# Anyway to get rid of `math.floor` for positive odd integers with `sympy.simplify`?

I’m trying to simplify some expressions of positive odd integers with sympy. But sympy refuses to expand `floor`, making the simplification hard to proceed.

To be specific, `x` is a positive odd integer (actually in my particular use case, the constraint is even stricter. But sympy can only do odd and positive, which is fine). `x // 2` should be always equal to `(x - 1) / 2`. Example code here:

``````from sympy import Symbol, simplify

x = Symbol('x', odd=True, positive=True)
expr = x // 2 - (x - 1) / 2
print(simplify(expr))
``````

prints `-x/2 + floor(x/2) + 1/2`. Ideally it should print `0`.

What I’ve tried so far:

1. Simplify `(x - 1) // 2 - (x - 1) / 2`. Turns out to be 0.
2. Multiply the whole thing by 2: `2 * (x // 2 - (x - 1) / 2)`. Gives me: `-x + 2*floor(x/2) + 1`.
3. Try to put more weights on the `FLOOR` op by customizing the `measure`. No luck.
4. Use `sympy.core.evaluate(False)` context when creating the expression. Nuh.
5. Tune other parameters like `ratio`, `rational`, and play with other function like `expand`, `factor`, `collect`. Doesn’t work either.

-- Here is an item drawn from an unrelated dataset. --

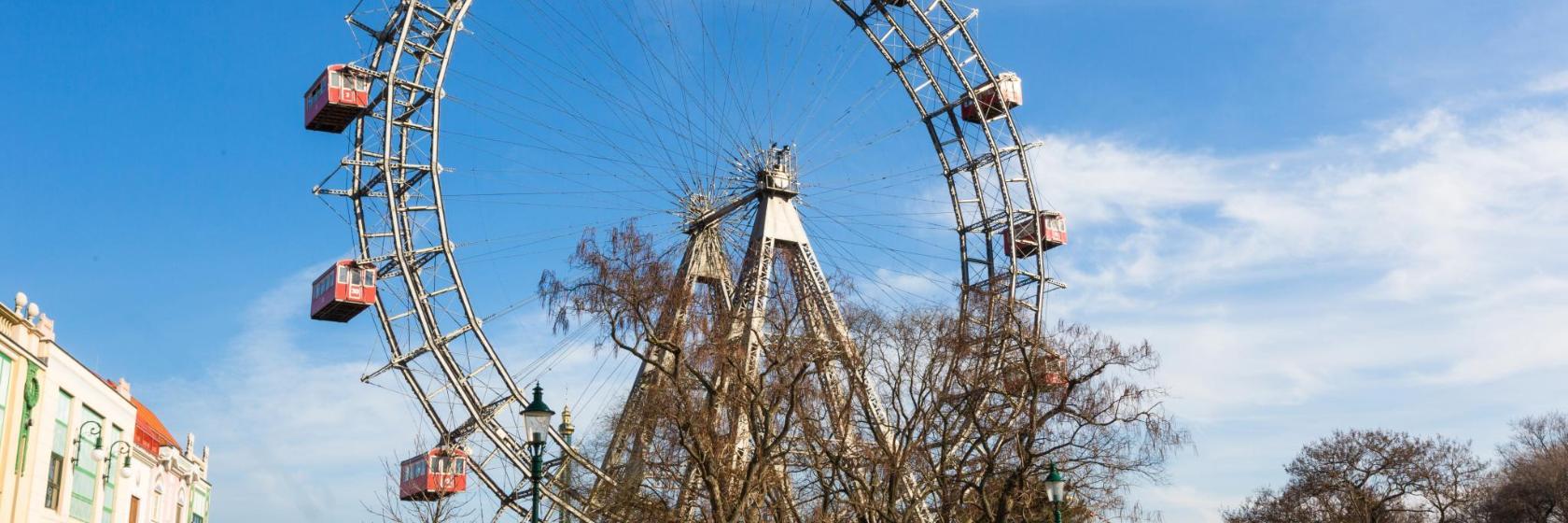Noria de Viena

EDIT: Wolfram alpha can do this.

I tried to look like the assumptions of `x` along with some expressions. It surprises me that `(x - 1) / 2).is_integer` returns None, which means unknown.

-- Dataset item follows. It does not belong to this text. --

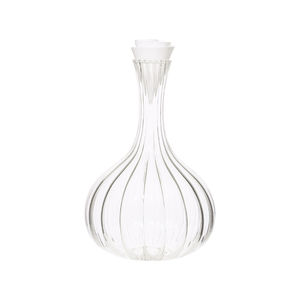Karaffe / geblasenes Glas 1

I’m running out of clues. I’m even looking for alternativese of sympy. Any ideas guys?

### >Solution :

I fail to see why sympy can’t simplify that.

But, on another hand, I’ve discovered the existence of `odd` parameter just now, with your question.

What I would have done, without the knowledge of `odd` is

``````k = Symbol('k', positive=True, integer=True)
x = 2*k-1
expr = x // 2 - (x - 1) / 2
``````

Then, expr is 0, without even the need to simplify.
So, can’t say why you way doesn’t work (and why that `odd` parameter exists if it is not used correctly to guess that `x-1` is even, and therefore `(x-1)/2` integer). But, in the meantime, my way of defining an odd integer `x` works.